A casi 25 años del atentado más brutal que haya vivido Estados Unidos en su historia, la ciudad de Nueva York podría tener, por primera vez, un alcalde promusulmán, socialista y de izquierda radical, naturalizado apenas siete años atrás. No se trata de un guión de ciencia ficción, sino de la realidad política actual. Y no es un hecho aislado: es la muestra más visible de una tendencia que se replica en Europa y el mundo occidental.
Mientras las torres caían envueltas en llamas en 2001, Occidente declaraba la guerra al terrorismo islámico. Hoy, un cuarto de siglo después, esa guerra parece haber cambiado de campo de batalla: ya no se libra con armas, sino con ideas, leyes, votos y silencios cómplices. La ingeniería social, esa herramienta estratégica que manipula percepciones y moldea mentalidades, demostró ser más eficaz que cualquier tanque o misil. Ya no es necesario invadir para conquistar. Basta con convencer, reeducar y suprimir toda defensa cultural, eso sí, con el sello de la “tolerancia”.
Europa es hoy un laboratorio viviente de esa conquista silenciosa. En ciudades como París, Berlín o Estocolmo, las estadísticas de violencia, violaciones, inseguridad y choques culturales tienen el mismo rostro: el de una inmigración ilegal masiva, amparada por gobiernos que renunciaron a defender su identidad. Pero más preocupante aún que los delitos cometidos es la pasividad y, muchas veces, el entusiasmo de sectores de la población que avalan con su voto estas políticas. En nombre de la inclusión, se institucionalizó la negación del problema. Quien se atreve a denunciarlo es inmediatamente tildado de racista, fascista o retrógrado.

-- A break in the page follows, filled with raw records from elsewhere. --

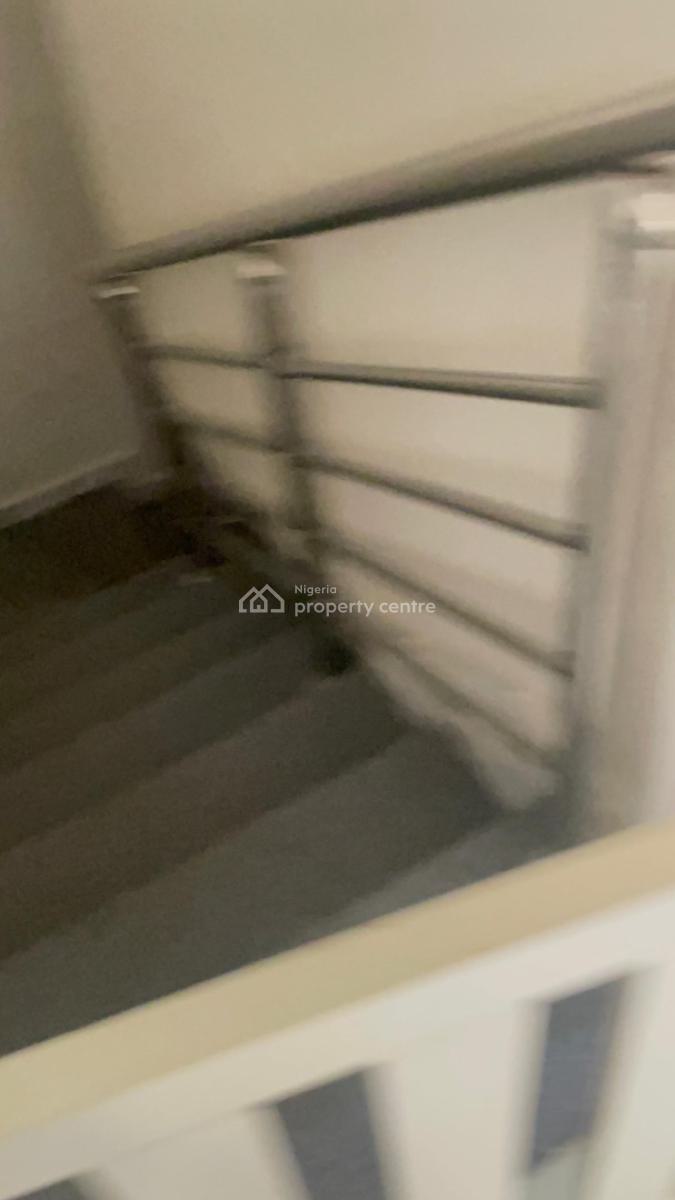 4 Bedroom Semi Detached Duplex with Bq, Chevron, Idado, Lekki, Lagos, Semi-detached Duplex for Sale
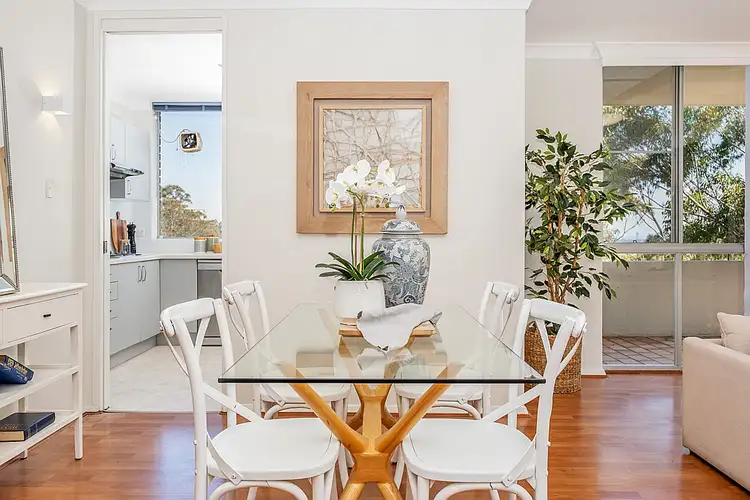 Third view of Homely apartment listing, 19/30 Helen Street, Lane Cove NSW 2066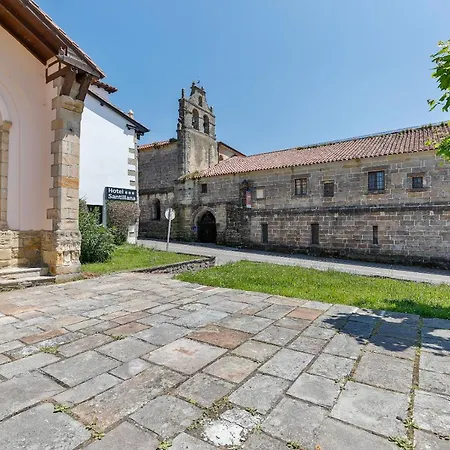 Santillana Hotel Santillana del Mar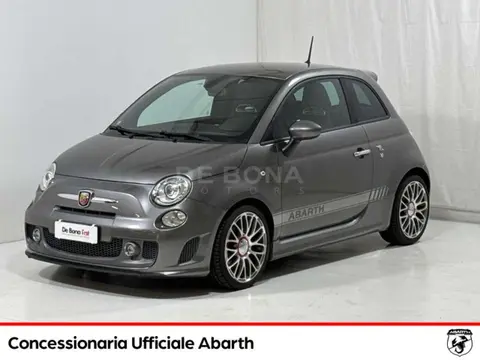 Annonce ABARTH 595 Essence 2014 d'occasion 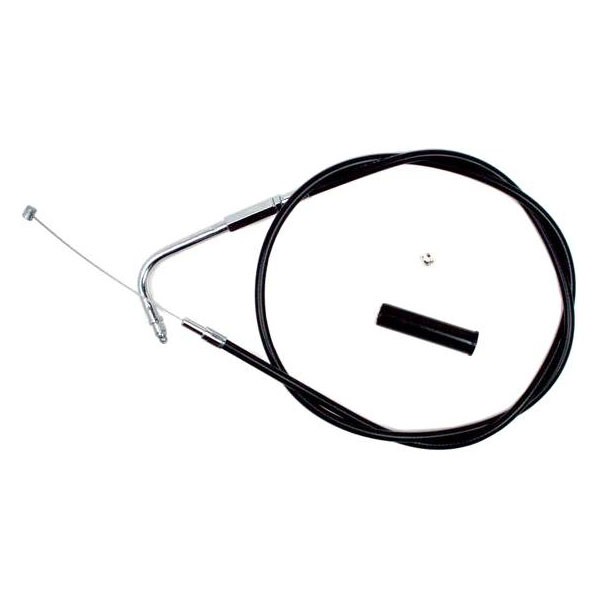 2008-2011 Harley-Davidson FLSTSB Cross Bones Motion Pro Throttle Cable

Mientras tanto, la ingeniería social trabaja en silencio. Desde las escuelas hasta los medios de comunicación, desde las ONG hasta los organismos internacionales, se reescriben los valores, se manipulan los lenguajes y se destruye el sentido común. Se disfraza la debilidad como virtud, la rendición como apertura, el olvido como progreso. Y así, lo que generaciones defendieron con sangre, hoy se entrega sin resistencia.
¿Puede una sociedad sobrevivir si odia sus raíces? ¿Puede una civilización sostenerse si desconoce su derecho a existir? La historia enseña que ninguna conquista fue duradera sin consentimiento interno. Hoy, Occidente está siendo conquistado con su propio consentimiento. El enemigo no necesita invadir: se le abren las puertas, se le financia, se le vota.
Nueva York, símbolo del poder y la resistencia norteamericana, podría pronto estar gobernada por un activista que no solo no reniega del islam político, sino que lo promueve. Europa, que alguna vez se alzó contra el totalitarismo, se arrodilla hoy ante la amenaza de parecer “intolerante”. Y mientras tanto, quienes aún alertan sobre esta deriva son cada vez más silenciados, censurados o cancelados.
La guerra ha cambiado de forma, pero no de propósito. La ingeniería social es la nueva arma de destrucción cultural. Y la peor parte es que muchos ni siquiera lo notan.